Dr. H.F. Kohlbrugge (1803-1875) eindigde zijn lijdenspreek over Jezus op de hoofdschedelplaats Golgotha (Johannes 19: 16b-17) met een typisch mensverhaal. Dat is de reden waarom die preek ook wel de ‘schedelpreek’ is genoemd. Bij de begrafenis van ds. P.J. Stam was het verzoek dat ik het typische slot van die preek na het dalen van de kist in de groeve zou voorlezen. Zelf had hij het fragment bij veel teraardebestellingen gebruikt en zo moest het nu ook gebeuren bij zijn laatste gang. Het volgende werd gehoord:

“Daarom, wanneer ik sterf, – ik sterf echter niet meer, – en iemand vindt mijn schedel, zo verkondige hem deze schedel nog: ik heb geen ogen, nochtans zie ik Hem; ik heb geen hersenen, geen verstand, nochtans omvat ik Hem; ik heb geen lippen, nochtans kus ik Hem; ik heb geen tong, nochtans zing ik Hem lof met u allen, die Zijn Naam aanroept. Ik ben een harde schedel, nochtans ben ik zeer week gemaakt en gesmolten in Zijn liefde; ik lig hier buiten op het kerk hof, nochtans ben ik in het Paradijs! Al het lijden is vergeten! Dat heeft Zijn grote liefde teweeggebracht, toen Hij voor ons Zijn kruis droeg en uitging naar Golgotha. Amen.”

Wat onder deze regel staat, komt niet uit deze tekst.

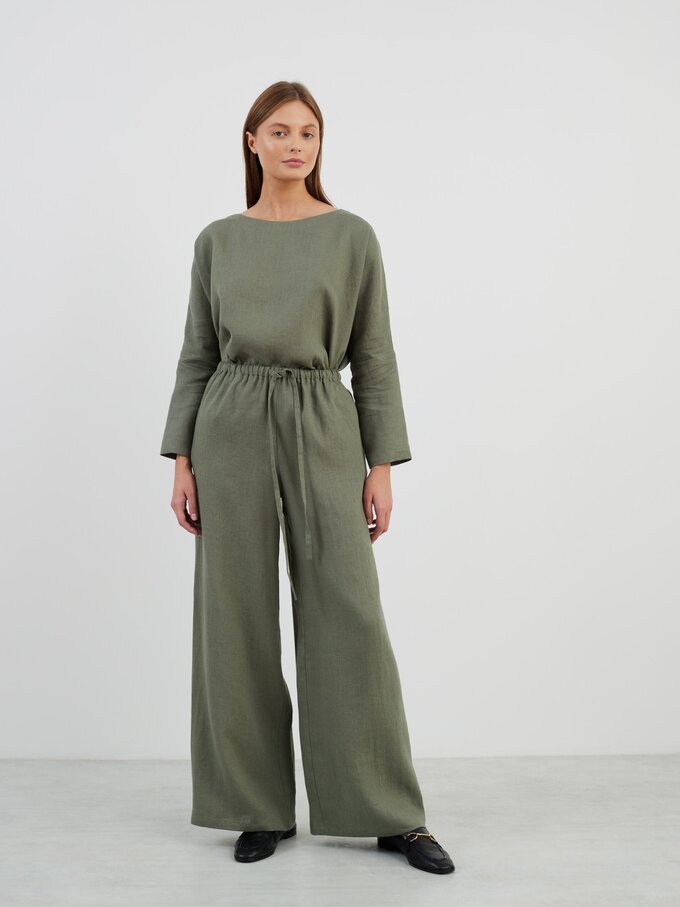 Image 4 of LUCAS Wide Leg Linen Pants in Sage Green from Love and Confuse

Later heeft ds. W.A. Hoek (1885-1975), ooit secretaris van de Ethische Vereeniging, behorend tot de Vriendenkring van Kohlbrugge en auteur van het boekje ‘H.F. Kohlbrugge, de onheilige heilige’, het fragment uit de ‘schedelpreek’ in berijmd Nederlands gezet en het de titel ‘Levenslied’ gegeven:

Wanneer ik eens gestorven ben,

– maar ik zal nimmer sterven –

en iemand vindt mijn schedel dan,

die alle licht moet derven;

dan predike die schedel nog:

ik zie Hem zonder ogen,

ik mis verstand, toch grijp ik Hem,

zal eeuwig Hem verhogen.

Ik heb geen lippen en geen tong,

maar kus Hem, mag Hem loven

met de belijders van Zijn Naam

op aarde en hierboven.

Ik, hard en dood, ben wonderbaar

versmolten in Zijn liefde,

want Hij ging uit naar Golgotha,

waar ’t zwaarste leed Hem griefde.

Ik ben hier ver van ’t Paradijs,

op sombere dodenakker,

toch leef ik ’t volle leven nu;

Zijn liefde riep mij wakker.

Ik ben een dorre schedel slechts,

maar alles trilt van ’t leven,

dat Zijne liefde wonderbaar,

mij, arme, wilde geven.

En alle leed is nu voorbij,

omdat Hij, wreed geslagen,

de vloek van zonde en van dood

voor mij heeft weggedragen.

Het past in de Lijdensweken van 2023 dat Kohlbrugges ‘schedelpreek’ aandacht ontvangt. Er worden vele graven gedolven, zowel op oorlogs- en aardbevingsvelden als op rustige kerkhoven. Het geloofsleven – met Christus in het middelpunt – wordt in bovenstaande zinnen goed onder woorden gebracht, hoe paradoxaal ze ook klinken. Boven alle schijnbare tegenstrijdigheid uit en tegen alle ervaring in is er het ‘nochtans’ van het christelijk geloof. Wat het mijne is, werd het Zijne; wat het Zijne is, werd het mijne. Daaraan mag een mens zich vastgrijpen.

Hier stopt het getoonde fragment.